I spent the weekend playing with CoreOS. Here are some things that I found interesting.
systemd.unit
“Universal” Unit Configuration
I think the first thing to really understand are the concepts behind systemd units. They aren’t particularly tricky, and going through the entire official document is very enlightening. The main things I took away from it are the following:
[Unit] section
This section is primarily for a simple description of the unit (for use in log
and status output) and dependency definitions. The main attributes for defining
dependencies are Requires
, Before
, and After
. It is important to note
that none of these implies the other. As an example, if serviceA
depends on
serviceB
to be started successfully as a prerequisite, the unit file for
serviceA
would need to indicate that with both Requires
and After
attributes set to serviceB
.
[Install] section
I think it’s important to understand this section, but nothing about it is
worth pointing out. Well, except that fleet
managed service units on a CoreOS
cluster will explicitly and intentionally exclude this section. Instead, a
service unit configuration will likely include some attributes in an X-Fleet
section instead. More on that later.
systemd.service
On a CoreOS cluster, most user services will be configured through service
configuration files and scheduled by fleet
.
[Service] section
The Type
attribute is important to understand. I found that the oneshot
value can be used for something like initializing a dataset. For instance,
I might have a database.service
of Type simple
. Then a db-init.service
of Type oneshot
which Requires
and runs After
the database.service
unit to initialize the dataset Before
a webapp.service
unit can be
scheduled.
This can also be useful for Docker volume containers, too. In this case, you
would probably want to also toggle the RemainAfterExit
boolean. This is
mostly because convention for volume containers is that they don’t have a long
running service, but rather usually just an echo
and quick exit.
There are a few Exec*
attributes available to service units and they are
generally pretty self explanatory. The main ones being ExecStart
/ExecStop
,
ExecStartPre
/ExecStartPost
, and ExecStopPost
. The value of these options
needs to be an absolute path to an executable followed by arguments to that
command. If this command filename is prefixed with -
, the exit code of that
command is ignored.
It’s also important to note that while the command syntax intended to be similar to shell syntax, there are many aspects of shell syntax which are intentionally unsupported.
cloud-config
CoreOS recognizes a subset of configuration items of the cloud-init project’s
cloud-config file.
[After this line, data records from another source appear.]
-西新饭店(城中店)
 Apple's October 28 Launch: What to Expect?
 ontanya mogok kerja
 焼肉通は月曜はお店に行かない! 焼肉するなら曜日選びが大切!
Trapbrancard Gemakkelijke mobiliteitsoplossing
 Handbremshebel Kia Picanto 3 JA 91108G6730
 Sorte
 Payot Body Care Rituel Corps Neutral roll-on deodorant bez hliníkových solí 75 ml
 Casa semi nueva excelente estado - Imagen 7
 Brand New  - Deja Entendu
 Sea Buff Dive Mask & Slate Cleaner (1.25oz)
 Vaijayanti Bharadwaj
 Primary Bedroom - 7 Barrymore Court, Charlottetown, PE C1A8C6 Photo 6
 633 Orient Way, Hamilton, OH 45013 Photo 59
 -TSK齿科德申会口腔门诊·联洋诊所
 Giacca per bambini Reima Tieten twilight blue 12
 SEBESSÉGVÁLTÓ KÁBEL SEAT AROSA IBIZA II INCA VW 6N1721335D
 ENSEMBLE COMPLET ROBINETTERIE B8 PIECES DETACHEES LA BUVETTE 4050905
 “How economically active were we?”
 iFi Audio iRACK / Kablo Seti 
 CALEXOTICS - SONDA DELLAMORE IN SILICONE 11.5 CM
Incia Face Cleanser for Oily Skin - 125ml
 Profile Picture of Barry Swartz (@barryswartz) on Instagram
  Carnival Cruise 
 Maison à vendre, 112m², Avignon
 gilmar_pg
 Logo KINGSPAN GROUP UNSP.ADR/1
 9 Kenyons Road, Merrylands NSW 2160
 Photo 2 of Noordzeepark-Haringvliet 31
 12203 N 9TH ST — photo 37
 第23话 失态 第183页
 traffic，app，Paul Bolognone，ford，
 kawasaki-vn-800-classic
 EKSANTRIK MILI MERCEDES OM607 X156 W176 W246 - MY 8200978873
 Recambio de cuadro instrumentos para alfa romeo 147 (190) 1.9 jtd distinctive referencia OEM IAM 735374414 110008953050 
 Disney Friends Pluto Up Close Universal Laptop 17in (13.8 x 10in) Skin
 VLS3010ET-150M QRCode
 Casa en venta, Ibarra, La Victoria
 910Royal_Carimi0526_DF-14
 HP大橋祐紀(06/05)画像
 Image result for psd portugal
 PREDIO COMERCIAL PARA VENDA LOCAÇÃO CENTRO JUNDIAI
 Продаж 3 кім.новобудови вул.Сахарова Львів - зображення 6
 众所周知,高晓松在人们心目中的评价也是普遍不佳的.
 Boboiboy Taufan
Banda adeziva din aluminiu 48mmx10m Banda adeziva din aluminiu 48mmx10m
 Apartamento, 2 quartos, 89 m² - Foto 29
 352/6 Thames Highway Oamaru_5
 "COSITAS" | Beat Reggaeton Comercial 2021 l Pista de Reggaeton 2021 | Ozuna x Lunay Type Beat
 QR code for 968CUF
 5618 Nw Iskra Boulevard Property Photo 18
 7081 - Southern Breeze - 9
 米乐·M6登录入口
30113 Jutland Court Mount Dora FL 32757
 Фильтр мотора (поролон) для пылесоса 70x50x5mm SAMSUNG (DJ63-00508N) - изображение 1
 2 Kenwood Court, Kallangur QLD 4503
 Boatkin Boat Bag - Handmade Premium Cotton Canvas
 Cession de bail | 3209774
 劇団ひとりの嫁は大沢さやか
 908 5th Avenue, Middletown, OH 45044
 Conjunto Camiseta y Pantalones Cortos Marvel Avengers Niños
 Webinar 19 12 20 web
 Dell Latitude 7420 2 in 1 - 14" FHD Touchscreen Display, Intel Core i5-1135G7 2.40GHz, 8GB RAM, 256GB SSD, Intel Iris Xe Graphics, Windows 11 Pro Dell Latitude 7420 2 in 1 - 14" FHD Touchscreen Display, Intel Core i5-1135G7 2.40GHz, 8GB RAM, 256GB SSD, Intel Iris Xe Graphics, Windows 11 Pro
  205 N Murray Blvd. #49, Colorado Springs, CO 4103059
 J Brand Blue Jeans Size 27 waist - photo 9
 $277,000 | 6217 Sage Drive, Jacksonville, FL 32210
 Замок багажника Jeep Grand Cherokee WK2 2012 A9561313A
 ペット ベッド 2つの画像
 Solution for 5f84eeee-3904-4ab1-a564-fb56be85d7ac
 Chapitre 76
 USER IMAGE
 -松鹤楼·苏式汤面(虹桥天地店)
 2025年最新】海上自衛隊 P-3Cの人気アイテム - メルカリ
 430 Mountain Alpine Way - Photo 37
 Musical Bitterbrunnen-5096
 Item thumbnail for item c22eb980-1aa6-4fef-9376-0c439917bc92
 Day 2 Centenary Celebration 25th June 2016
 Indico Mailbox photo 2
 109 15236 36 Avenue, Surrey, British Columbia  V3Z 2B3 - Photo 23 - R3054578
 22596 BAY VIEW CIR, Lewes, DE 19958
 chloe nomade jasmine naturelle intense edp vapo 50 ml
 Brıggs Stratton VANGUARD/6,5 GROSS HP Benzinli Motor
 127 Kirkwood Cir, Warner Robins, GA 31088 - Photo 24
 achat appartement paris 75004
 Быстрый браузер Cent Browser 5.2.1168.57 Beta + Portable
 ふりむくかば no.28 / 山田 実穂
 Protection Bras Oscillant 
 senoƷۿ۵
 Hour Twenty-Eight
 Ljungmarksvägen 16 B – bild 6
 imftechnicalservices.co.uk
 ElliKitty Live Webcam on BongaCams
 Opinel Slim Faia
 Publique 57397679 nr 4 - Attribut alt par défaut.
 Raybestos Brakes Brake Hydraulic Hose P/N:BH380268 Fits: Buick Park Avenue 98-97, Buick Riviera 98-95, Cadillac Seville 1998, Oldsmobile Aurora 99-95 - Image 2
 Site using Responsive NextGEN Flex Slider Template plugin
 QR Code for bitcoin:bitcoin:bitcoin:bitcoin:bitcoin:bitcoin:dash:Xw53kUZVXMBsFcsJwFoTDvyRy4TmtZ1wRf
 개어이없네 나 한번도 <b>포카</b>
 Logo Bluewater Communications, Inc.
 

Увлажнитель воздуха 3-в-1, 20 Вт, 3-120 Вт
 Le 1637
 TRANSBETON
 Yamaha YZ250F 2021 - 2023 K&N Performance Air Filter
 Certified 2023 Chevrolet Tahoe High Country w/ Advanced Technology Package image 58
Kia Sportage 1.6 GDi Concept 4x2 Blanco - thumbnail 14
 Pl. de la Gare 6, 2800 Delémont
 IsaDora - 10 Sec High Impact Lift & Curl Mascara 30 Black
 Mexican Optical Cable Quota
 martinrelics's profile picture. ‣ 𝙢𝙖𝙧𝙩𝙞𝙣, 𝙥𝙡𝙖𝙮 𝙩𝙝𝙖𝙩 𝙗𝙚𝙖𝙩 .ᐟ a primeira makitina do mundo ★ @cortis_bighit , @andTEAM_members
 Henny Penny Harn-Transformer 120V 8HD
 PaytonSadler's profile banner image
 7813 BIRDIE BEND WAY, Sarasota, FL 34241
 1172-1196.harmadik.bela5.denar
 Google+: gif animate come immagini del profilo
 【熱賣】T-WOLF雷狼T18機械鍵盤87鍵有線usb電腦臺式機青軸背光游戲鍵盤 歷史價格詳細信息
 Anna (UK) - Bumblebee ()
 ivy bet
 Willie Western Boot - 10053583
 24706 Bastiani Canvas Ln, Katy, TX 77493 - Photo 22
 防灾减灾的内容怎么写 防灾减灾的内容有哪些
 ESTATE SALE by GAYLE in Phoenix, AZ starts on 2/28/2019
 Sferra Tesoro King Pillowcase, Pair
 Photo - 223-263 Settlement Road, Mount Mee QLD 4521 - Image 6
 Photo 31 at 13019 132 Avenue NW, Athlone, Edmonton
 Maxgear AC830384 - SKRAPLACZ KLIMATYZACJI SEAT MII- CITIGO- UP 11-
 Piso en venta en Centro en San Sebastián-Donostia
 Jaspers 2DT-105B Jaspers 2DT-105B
This is generally used to initialize individual nodes of a
cluster through a cloud provider’s user-data option. This usually starts by
generating a new etcd
discovery token.
The trick here is that your cluster won’t be considered healthy until you have
the minimum number of nodes in your cluster. You configure that when you
generate your discovery token. If you don’t explicitly set a cluster size, the
default is 3 nodes. This was tripping me up, as I couldn’t figure out why the
fleet service was failing when I had just one node in the cluster. Looking
back, this seems a little more obvious.
One notable component is the coreos.fleet.metadata
attribute. You might use this to distinguish between cluster nodes in different
regions, for instance.
fleet
CoreOS expects that you will be managing service units on your cluster through
an abstraction provided as fleet
. These service units with be Docker
containers, since that’s the only real service container supported natively at
the time of this writing. You will be defining service units as you would for
systemd, except without an [Install]
section and you might optionally include
some fleet-specific properties
in an [X-Fleet]
section. You might use these options to manage where your
service is scheduled on your cluster.